Kai Agyepong was left ‘terrified’ by the incident in Camden, north London, on July 17.
It came after a member of the public called 999 claiming to have seen a black male holding a firearm in London.
Now a Met Police commander has defended his officers saying they were ‘committed to bearing down on violence’.
But Kai’s mother Alice criticised the police saying her family felt ‘utterly violated’ and ‘terrified’ by the incident.
Ms Agyepong, who also has two daughters living at home aged 16 and 23, said: ‘In my mind there was no question they were going to shoot us.
‘Their guns were drawn in such a way they were aiming their rifles at me and my kids.’
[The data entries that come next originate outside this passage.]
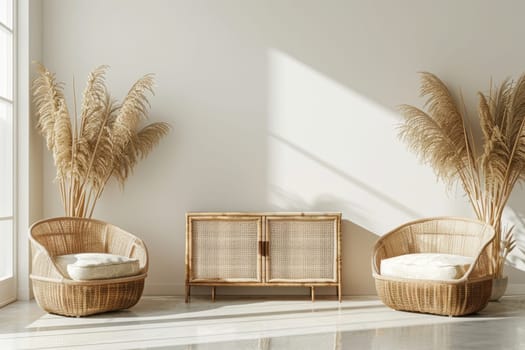 Interior design of warm and cozy living room with wooden chairs and decorative cane . Home decor. Template.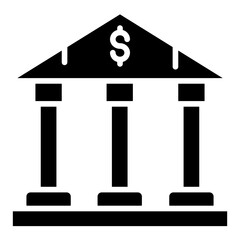 Bank building Icon style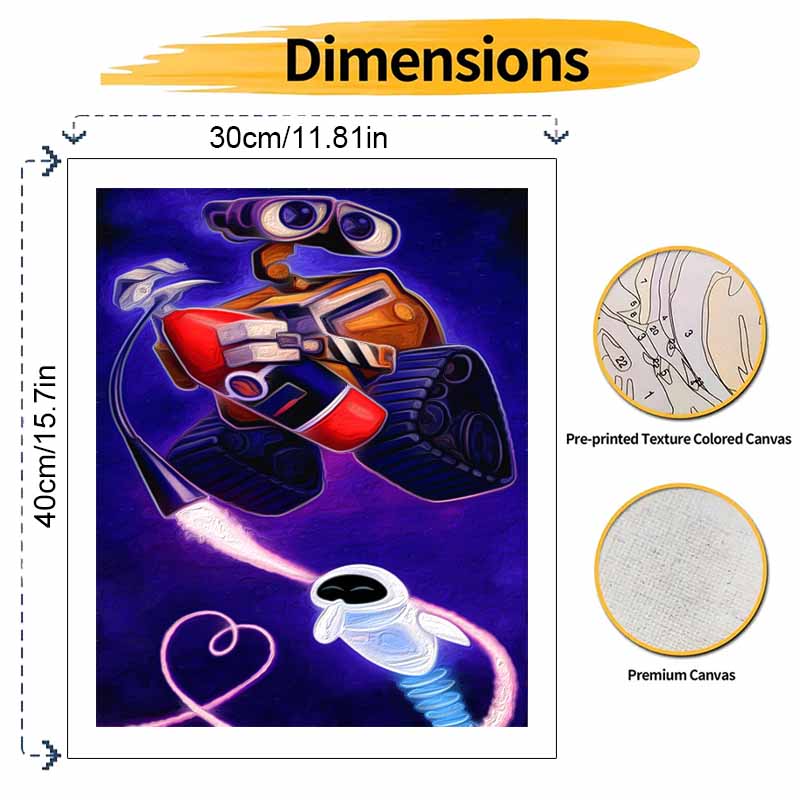 Disney WallE EVE digital oil painting diy handpainted coloring painting home decoration gift for lover romantic starry sky wall art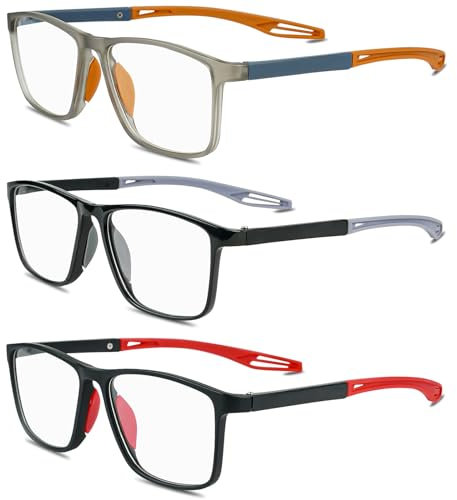 XOQ 3 Pacco Occhiali da Lettura Uomo Stile Sportivo Confortevole Leggeri Lettore di Computer Anti Luce Blu (3 colore mix, 2.0)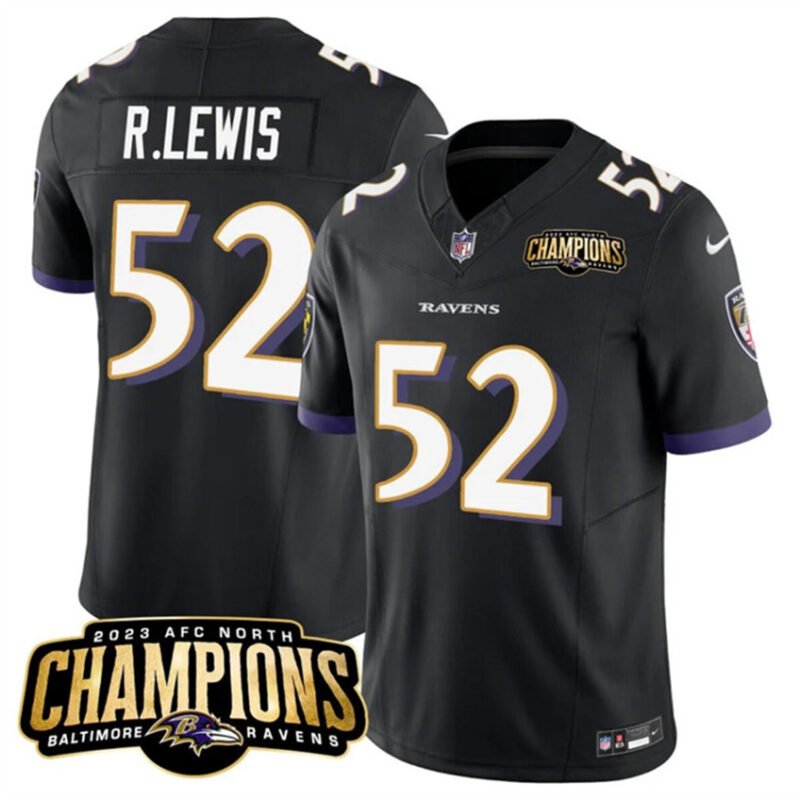 Black Baltimore Ravens #52 Ray Lewis 2023 F.U.S.E. AFC North Champions Vapor Limited Football Jersey - BRJ207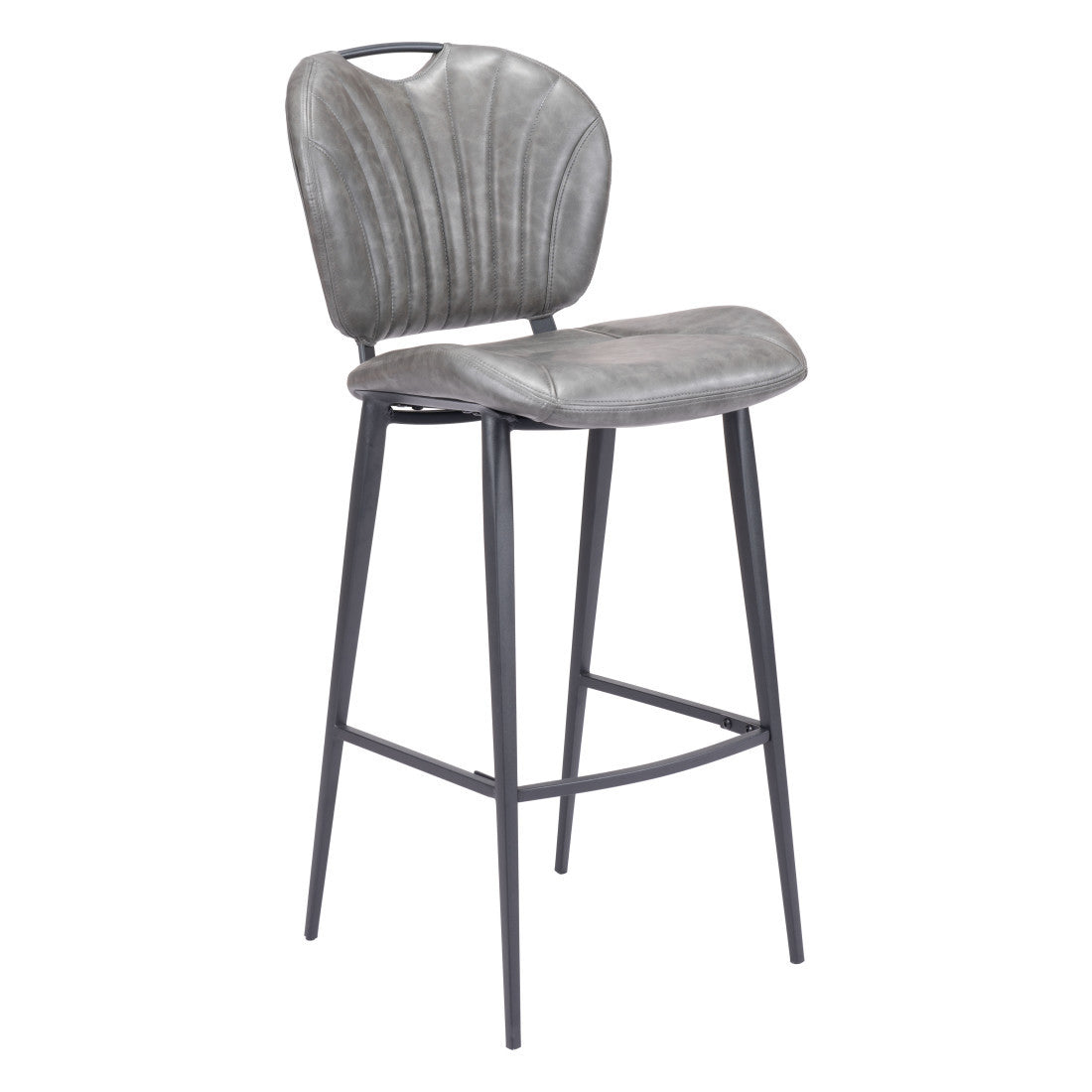 30" Gray And Black Faux Leather And Fabric And Steel Low Back Bar Height Bar Chair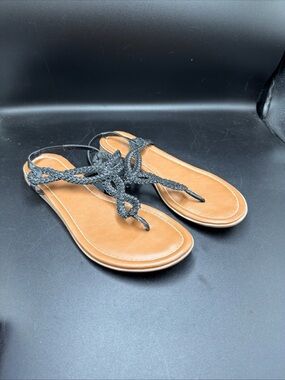 XAPPEAL Akia Womens Size 10 Black Brown Flat Sandals Casual Beach Dress Club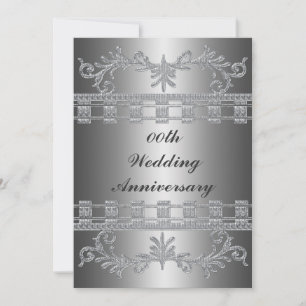 Silver 25th Wedding Jubileum Party Invitation Kaart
In reality, Kai Agyepong had been playing with a BB pellet gun that had been fitted with a blue slider to distinguish it from the real thing.
She said the Met had thrown ‘every single resource except a helicopter’ at the incident, adding that in addition to the armed officers and dog unit, there were two vans of ordinary PCs and an ambulance.
Even after being shown the BB gun, the police still conducted a full search of the premises lasting more than an hour.
Ms Agyepong said her son had ‘undoubtedly’ been racially profiled.
She said the Met had explained the incident by saying senior gang members often leave knives and firearms with younger boys in the hope they will be less likely to be discovered.
Commander Kyle Gordon, the Met’s lead for firearms, said: ‘There have been a number of well-publicised shootings in London in recent months where members of the public have been injured.
‘As the public would rightly expect, we take every report of a firearm seriously in order to protect our communities.
‘Officers attending reports such as this must treat them as genuine until they can verify whether or not an actual firearm is present.
‘Based on the information at hand, the officers acted in line with their training and my expectations, enabling the incident to be concluded as quickly and safely as possible.’
Commander Gordon said he had watched the body-worn video of the incident and said he was ‘content’ with the officers’ professionalism and how they had explained to residents what was going on.
‘The reporting member of the public was right to call us and we would encourage others who see similar weapons to do the same,’ he said.
‘We are committed to bearing down on violence and we rely on our communities to help us do this.’
He added that Kai had been immediately dearrested as soon as officers had established the only weapon in the house was the BB gun.
Ms Agyepong said Kai had been left traumatised by the incident, becoming anxious if she even leaves him just to nip to the shops.
‘It was very, very humiliating but more than that, for me and my kids it was terrifying.’